A sbarcare sono una trentina di adulti e almeno 12 bambini. Qualcuno piange per scaricare la tensione. Altri rimangono silenziosi e assorti, cercando di capire che cosa succede. Ad un certo punto scorgo due bambini che si sono messi in riva la mare e in silenzio guardano il percorso appena fatto. Stanno l’uno accanto all’altro, come a farsi coraggio per la prova appena passata. Gli adulti hanno le reazioni più svariate: alcuni come i bambini, sciolgono la tensione in lacrime, altri ridono, alcuni si pettinano prima di farsi un selfie da mandare alla famiglia.

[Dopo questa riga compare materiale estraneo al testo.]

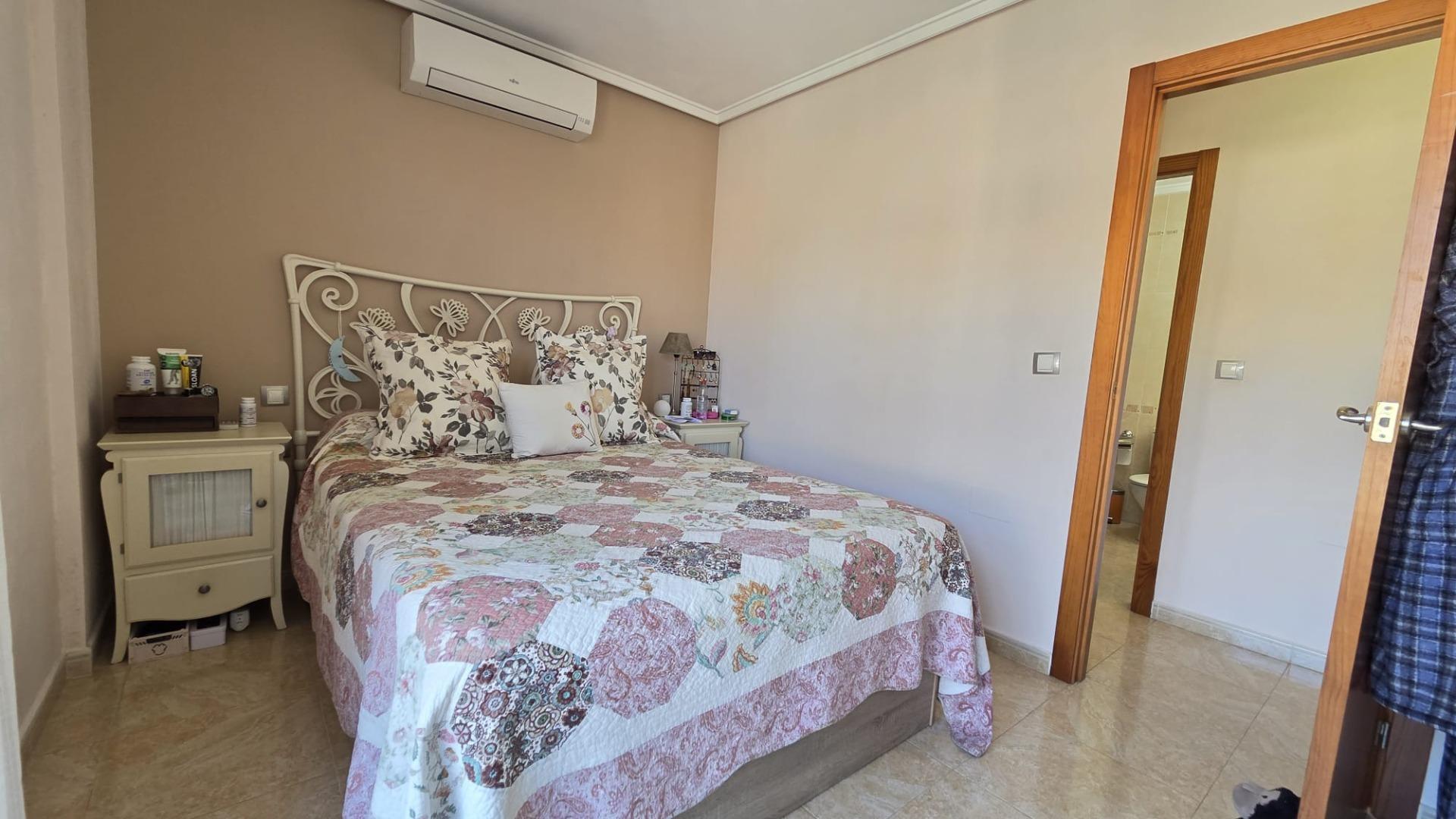 Living area with windows, corner townhouse in Aguas Nuevas, Torrevieja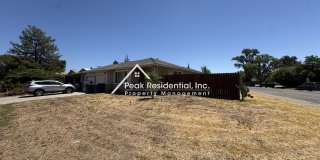 Nice 2bd/1ba Carmichael Duplex with 1 Car Garage Gallery 1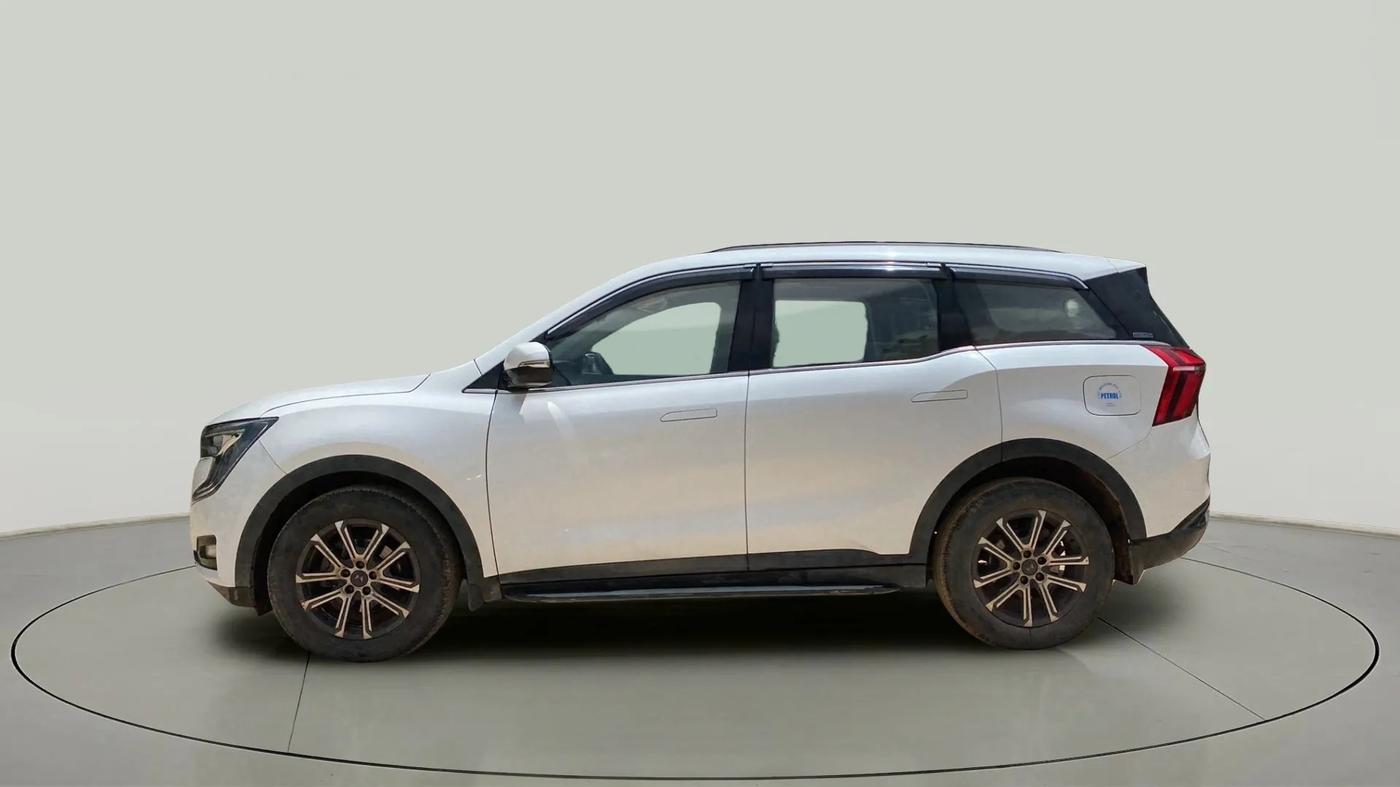 2021 Mahindra XUV700 AX 7 P MT 7 STR, Petrol, Manual, 52,387 km, Left Side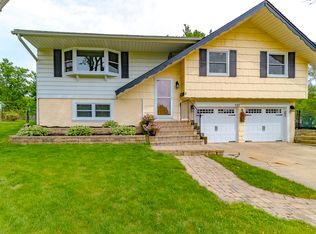 527 Cloud Ct, Schaumburg, IL 60193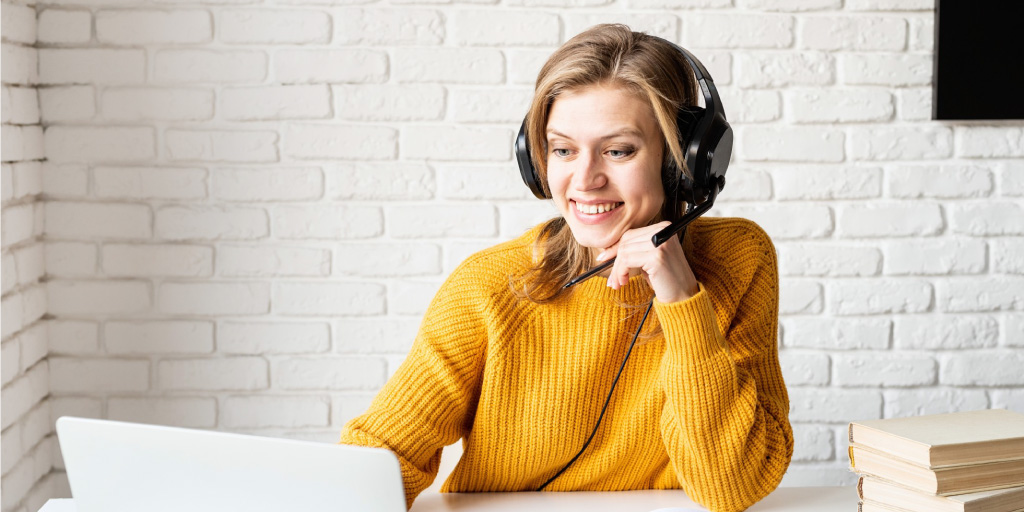 No More Data Silos: How Integrating Your CRM and CX Platforms Improves CSAT Scores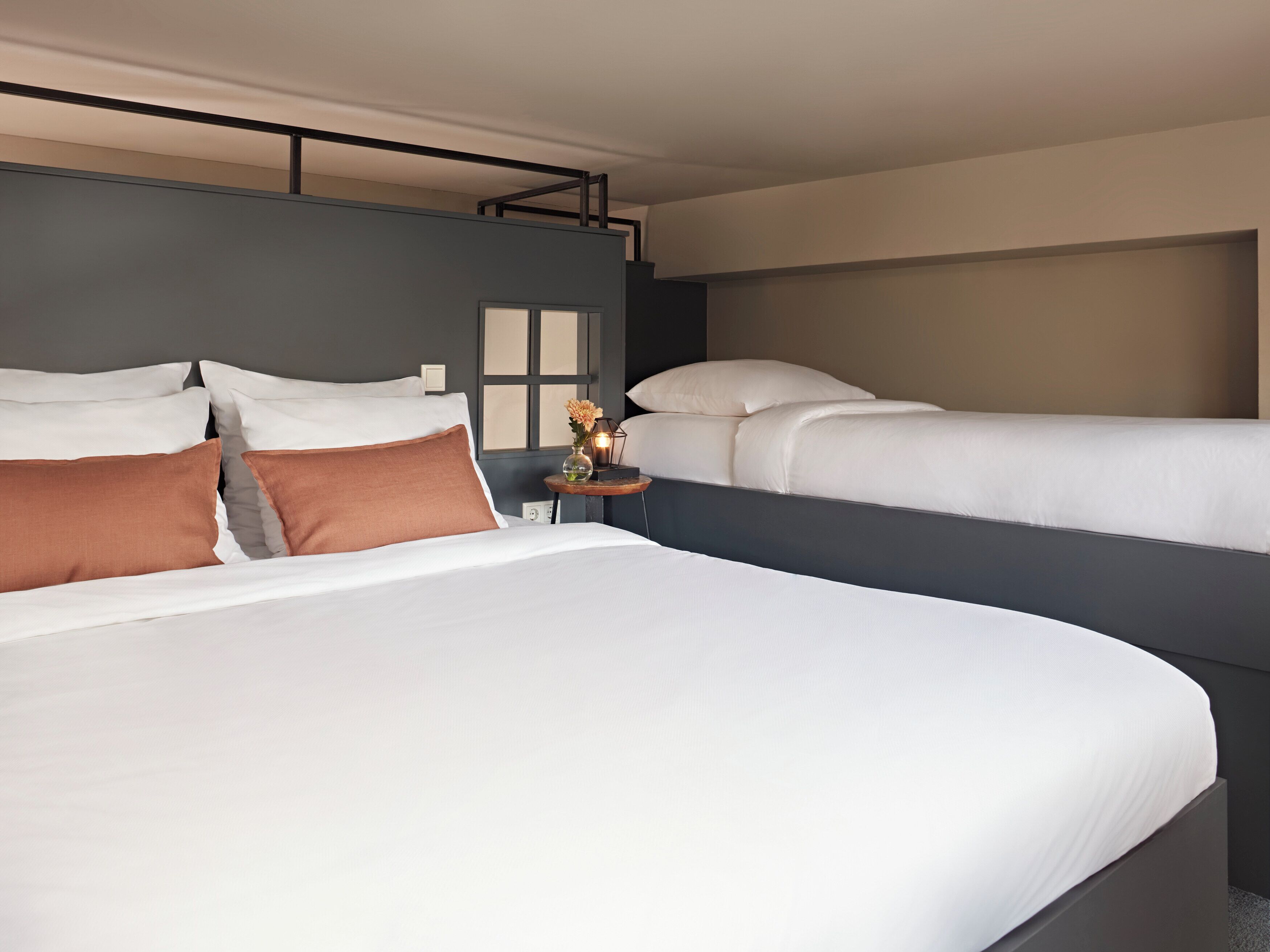 Cofres nos quartos, espaço de trabalho para notebook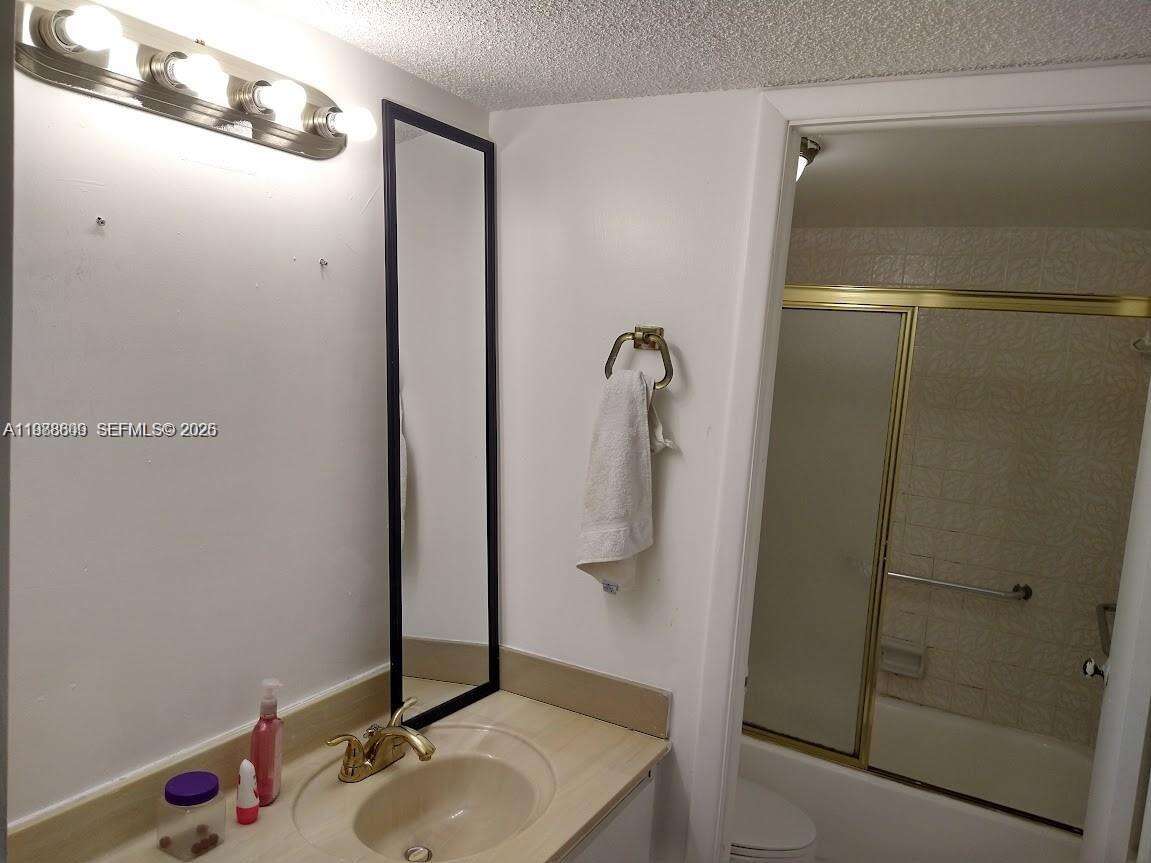 Maison Grande at 6039 Collins Ave, Miami Beach, FL 33140 - For Sale photo 12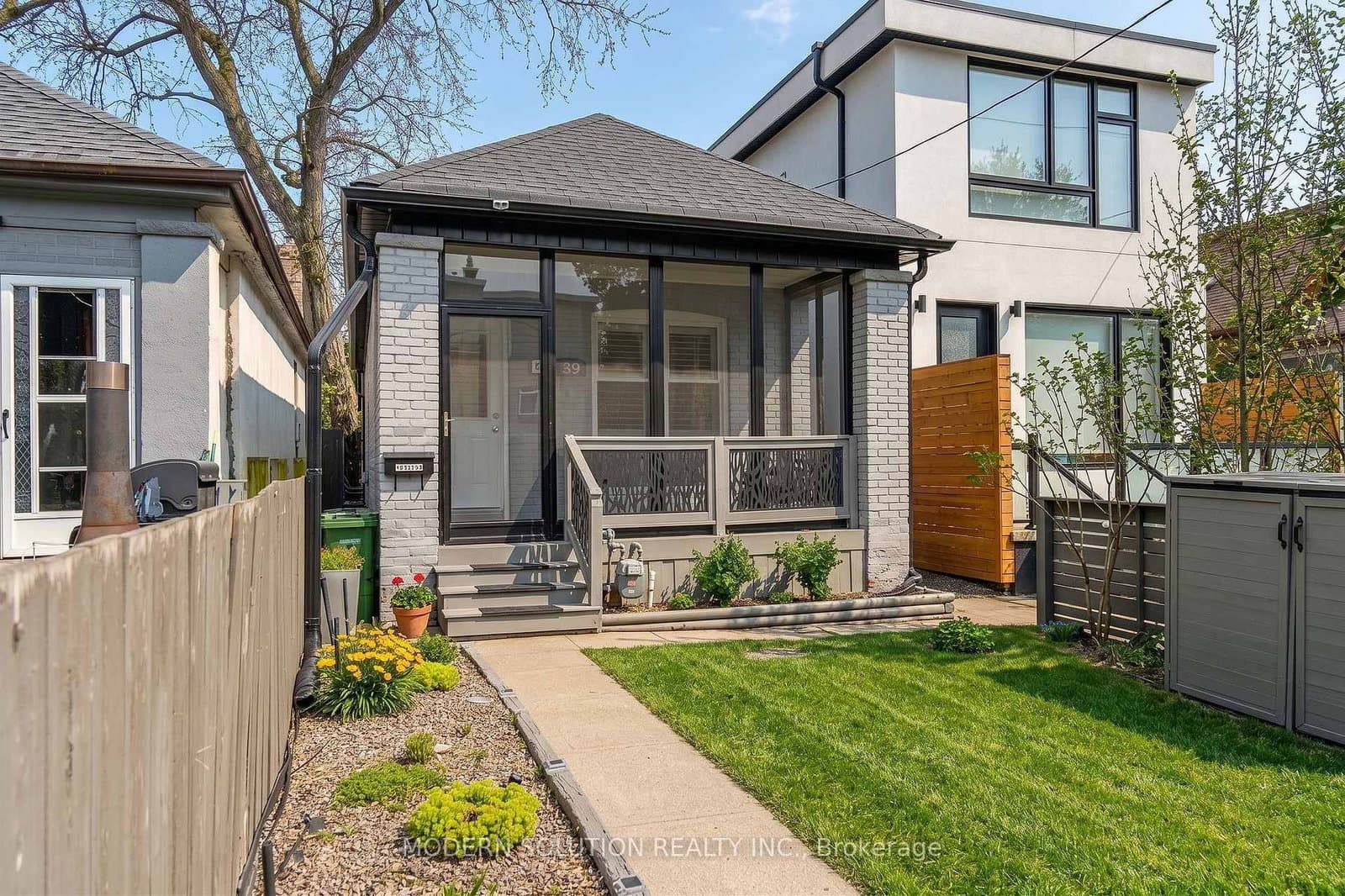 741 Milverton Boulevard thumbnail 2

Un padre non smette di baciare i suoi due figli e la moglie. E nella folla vedo lei, quasi non credo ai miei occhi, divento quasi fastidiosa tanto la fisso per capire se è vero davvero quello che vedo. Tra gli arrivati c’è una donna di età indefinibile. Molto anziana, molto provata. E’ circondata dalle donne della sua famiglia e dai volontari. Ha uno sguardo velato, quasi indifferente a ciò che la circonda. Non riesco a capacitarmi di come a quella età ci si possa sentire a dover scappare da uno Stato all’altro.
Le persone arrivate sono quasi tutti afgani. Già nei giorni precedenti ci avevano detto che era questa la nazionalità della maggior parte dei nuovi arrivati. Molti di loro erano precedentemente nei campi profughi in Iran ma vista l’instabilità della regione e i venti di guerra che da più parte soffiano, stanno scappando in massa. La maggior parte arriva con tutta la famiglia. Ci hanno poi spiegato che ormai di siriani se ne vedono pochi mentre stanno aumentando gli arrivi dei sub sahariani: Camerun, Repubblica Democratica del Congo, Nigeria.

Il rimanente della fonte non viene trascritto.